The Transatlantic trade agreement would also deepen the Transatlantic cooperation on defence that today plays an ever increasing role in securing the European Union. For the second time since the Lisbon Treaty, the European Council has discussed European security and defence issues. Together with the High Representative of the Union for Foreign Affairs and Security Policy and the NATO Secretary-General, the EU Heads of State and Government reviewed the progress made since December of 2013 and decided on new goals for the EU Common Security and Defence Policy (CSDP). Among the major achievements were both the decision by the European Council on 26 June to initiate the review of the European Security Strategy by drafting the first EU global strategy on foreign and security policy by June 2016, and the task of mobilising all EU instruments to help counter hybrid threats, by intensifying cooperation between the EU and NATO. The Minister of Defence of Latvia, Raimonds Bergmanis, together with Vecdi Gönül, the Minister of National Defence of Turkey will discuss NATO’s role in the defence of global stability.
Cyberspace also plays an important role in promoting the freedom of press, although this digital freedom often comes with a price: the spread of misinformation to the masses. It is incredibly easy to spread propaganda online, fooling many people. Sadly, terrorist organisations such as Daesh are effectively using social media to recruit disillusioned youths to fight in Syria and elsewhere. It is imperative that as a Union we be able to tackle and oppose such disinformation, whilst not limiting the freedom of press that our continent values so highly. The Rīga Conference 2015 will assess the issues surrounding the propaganda war with the Director of the NATO Strategic Communications Centre of Excellence Jānis Sārts and the Editor-in-Chief of news outlet Meduza Ms Galina Timchenko.
We should also ensure that our external borders are protected and sustained against the large influx of refugees. Saying that, we should also stick to our humane values and accommodate those fleeing war – and not let them sink en masse in the waters off our shores. On 16 June, the EU Home Affairs Ministers unanimously supported the Commission’s Action Plan against migrant smuggling and guidelines for fingerprinting. Finally, the June European Council agreed on relocation and resettlement of 60,000 asylum seekers from Italy and Greece and from third countries in the next two years, a return policy for migrants, and enhanced cooperation with the migrant countries of origin and transit. Whilst much has changed still – Latvia remains an active participant in the debate and it seeks to resolve the crisis.
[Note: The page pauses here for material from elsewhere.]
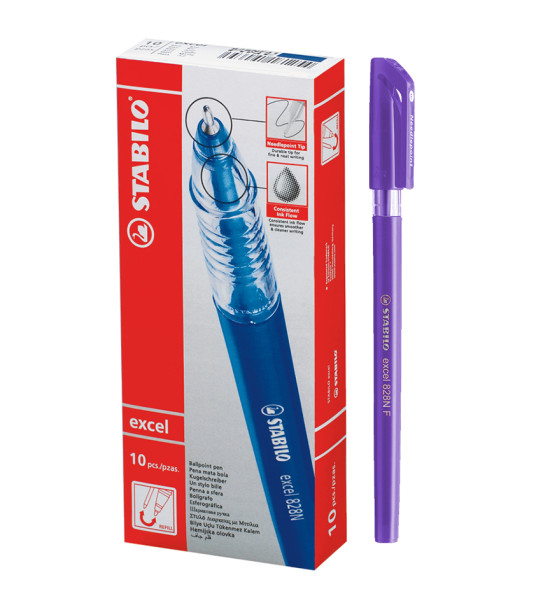 Bolígrafo, Excel 828NF, Punta Aguja 0.38 mm, cuerpo opaco, Morado, Caja x 10 Unds.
It is also this crisis that will play an important role in shaping the future of the European order which will be discussed by Miroslav Lajčak – Deputy Prime Minister and Minister of Foreign and European Affairs of Slovakia, Bogdan Lucian Aurescu, Minister of Foreign Affairs of Romania, Børge Brende, Minister of Foreign Affairs of Norway and Carl Bildt, the former Swedish Foreign Minister among others.
It is clear that 2015 has been a year filled with many events and has placed us directly opposite many difficult decisions that we have to take as a community. That is why for the 10th time the annual high-level security and foreign policy forum – The Riga Conference 2015 will convene experts and policy makers in the Latvian capital to discuss the most current issues on the agenda, seeking answers and provide solutions. The agenda includes the post-Presidency topics and issues, thus highlighting Latvia’s interest in continuing its role as a driver of various issues that will strengthen the union.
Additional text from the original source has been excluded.